GOAL OF THE EXERCISE =>
On how many lines of the records below does the string "producto" appear? Reply with only the number.

EXERCISE MATERIAL =>
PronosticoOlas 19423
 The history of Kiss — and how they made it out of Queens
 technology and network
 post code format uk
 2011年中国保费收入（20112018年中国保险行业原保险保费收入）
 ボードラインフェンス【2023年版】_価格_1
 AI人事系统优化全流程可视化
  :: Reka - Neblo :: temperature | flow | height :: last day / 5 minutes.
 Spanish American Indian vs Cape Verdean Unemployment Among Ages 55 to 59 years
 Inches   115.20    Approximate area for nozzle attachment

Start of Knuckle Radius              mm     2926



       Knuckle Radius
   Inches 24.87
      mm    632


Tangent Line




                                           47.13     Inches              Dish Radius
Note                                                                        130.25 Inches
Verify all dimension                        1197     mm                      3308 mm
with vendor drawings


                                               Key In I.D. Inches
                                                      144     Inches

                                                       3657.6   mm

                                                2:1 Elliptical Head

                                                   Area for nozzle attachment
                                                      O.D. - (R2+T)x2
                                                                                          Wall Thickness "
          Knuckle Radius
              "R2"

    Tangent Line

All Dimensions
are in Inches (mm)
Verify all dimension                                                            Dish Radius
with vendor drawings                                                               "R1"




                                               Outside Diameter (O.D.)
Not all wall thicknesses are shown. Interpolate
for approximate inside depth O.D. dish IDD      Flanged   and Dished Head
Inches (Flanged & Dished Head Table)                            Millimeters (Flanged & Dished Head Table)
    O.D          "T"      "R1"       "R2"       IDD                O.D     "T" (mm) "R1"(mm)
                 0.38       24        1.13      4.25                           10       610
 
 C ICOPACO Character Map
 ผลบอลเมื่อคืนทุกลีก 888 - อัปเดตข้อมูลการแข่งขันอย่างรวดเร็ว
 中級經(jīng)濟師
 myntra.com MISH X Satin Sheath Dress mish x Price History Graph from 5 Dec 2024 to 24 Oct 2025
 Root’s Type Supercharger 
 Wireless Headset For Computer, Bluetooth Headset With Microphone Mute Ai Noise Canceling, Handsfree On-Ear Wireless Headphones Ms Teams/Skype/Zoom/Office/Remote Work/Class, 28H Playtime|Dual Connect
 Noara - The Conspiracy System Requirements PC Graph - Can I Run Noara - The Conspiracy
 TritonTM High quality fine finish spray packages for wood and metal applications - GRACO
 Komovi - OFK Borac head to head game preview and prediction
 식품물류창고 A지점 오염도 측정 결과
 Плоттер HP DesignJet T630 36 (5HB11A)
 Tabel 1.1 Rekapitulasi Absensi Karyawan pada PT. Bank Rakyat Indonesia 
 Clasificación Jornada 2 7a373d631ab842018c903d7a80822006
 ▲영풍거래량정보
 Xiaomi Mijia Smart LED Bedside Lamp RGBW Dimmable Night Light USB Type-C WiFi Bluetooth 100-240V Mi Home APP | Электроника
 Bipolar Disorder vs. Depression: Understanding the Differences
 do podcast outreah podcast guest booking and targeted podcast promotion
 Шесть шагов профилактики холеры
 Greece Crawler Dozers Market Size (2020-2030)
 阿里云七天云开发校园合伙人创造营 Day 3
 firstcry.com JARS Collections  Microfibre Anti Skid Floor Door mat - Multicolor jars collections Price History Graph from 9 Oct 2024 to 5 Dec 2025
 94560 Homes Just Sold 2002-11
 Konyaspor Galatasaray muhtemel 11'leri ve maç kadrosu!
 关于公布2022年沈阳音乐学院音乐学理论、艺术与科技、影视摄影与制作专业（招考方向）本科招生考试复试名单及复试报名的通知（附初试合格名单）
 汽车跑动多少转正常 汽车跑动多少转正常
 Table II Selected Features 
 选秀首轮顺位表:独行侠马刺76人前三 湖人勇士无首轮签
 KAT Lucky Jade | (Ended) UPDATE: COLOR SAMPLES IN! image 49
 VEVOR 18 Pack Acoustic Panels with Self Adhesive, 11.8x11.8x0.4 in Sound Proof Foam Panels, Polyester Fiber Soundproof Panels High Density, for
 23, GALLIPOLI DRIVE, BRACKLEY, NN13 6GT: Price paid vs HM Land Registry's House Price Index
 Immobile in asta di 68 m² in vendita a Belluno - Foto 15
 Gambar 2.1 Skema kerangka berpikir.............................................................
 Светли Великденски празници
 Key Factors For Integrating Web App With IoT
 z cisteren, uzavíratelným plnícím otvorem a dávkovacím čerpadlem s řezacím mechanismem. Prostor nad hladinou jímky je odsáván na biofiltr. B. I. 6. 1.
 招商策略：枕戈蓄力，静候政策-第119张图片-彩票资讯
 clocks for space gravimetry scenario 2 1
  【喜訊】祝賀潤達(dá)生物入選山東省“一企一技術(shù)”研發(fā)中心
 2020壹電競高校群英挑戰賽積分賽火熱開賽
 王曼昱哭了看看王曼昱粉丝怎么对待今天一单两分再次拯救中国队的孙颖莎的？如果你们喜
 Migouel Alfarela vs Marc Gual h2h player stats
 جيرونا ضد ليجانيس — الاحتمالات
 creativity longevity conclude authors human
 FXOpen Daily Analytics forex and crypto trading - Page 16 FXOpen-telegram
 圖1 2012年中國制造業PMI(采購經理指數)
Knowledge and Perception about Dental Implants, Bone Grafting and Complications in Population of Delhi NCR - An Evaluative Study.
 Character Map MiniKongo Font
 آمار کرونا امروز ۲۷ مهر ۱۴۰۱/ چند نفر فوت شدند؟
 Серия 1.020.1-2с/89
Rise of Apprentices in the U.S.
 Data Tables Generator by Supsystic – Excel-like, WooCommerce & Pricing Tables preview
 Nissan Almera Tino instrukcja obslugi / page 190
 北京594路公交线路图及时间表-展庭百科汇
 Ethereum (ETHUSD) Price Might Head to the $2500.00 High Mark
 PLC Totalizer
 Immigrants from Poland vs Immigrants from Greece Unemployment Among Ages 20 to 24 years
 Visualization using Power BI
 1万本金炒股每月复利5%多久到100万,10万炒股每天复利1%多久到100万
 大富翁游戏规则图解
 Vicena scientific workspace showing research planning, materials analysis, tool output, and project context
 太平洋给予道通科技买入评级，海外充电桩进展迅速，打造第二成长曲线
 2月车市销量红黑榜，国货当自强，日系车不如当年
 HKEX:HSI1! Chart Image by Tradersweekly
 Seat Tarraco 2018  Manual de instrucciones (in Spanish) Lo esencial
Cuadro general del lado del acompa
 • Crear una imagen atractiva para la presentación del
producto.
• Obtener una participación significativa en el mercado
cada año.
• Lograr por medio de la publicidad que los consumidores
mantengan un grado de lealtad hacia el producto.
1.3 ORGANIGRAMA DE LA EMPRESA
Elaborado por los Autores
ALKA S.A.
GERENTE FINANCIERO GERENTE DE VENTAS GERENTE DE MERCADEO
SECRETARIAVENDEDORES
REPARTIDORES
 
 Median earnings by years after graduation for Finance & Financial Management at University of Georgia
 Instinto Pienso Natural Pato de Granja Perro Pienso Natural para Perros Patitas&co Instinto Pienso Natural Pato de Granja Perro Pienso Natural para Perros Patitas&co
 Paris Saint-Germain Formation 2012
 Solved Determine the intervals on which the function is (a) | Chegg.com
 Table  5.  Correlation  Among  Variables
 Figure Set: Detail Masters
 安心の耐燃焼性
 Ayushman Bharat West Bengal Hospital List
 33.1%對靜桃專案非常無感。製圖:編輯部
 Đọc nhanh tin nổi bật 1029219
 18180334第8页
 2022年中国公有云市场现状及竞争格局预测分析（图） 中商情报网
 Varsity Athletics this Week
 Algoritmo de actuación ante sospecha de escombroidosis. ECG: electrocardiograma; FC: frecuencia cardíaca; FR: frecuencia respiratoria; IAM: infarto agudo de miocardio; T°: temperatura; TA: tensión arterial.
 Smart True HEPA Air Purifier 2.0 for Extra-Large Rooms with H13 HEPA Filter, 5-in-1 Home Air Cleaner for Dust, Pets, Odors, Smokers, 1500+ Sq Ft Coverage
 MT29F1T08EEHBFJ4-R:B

SOLUTION TO THIS PROBLEM =>
2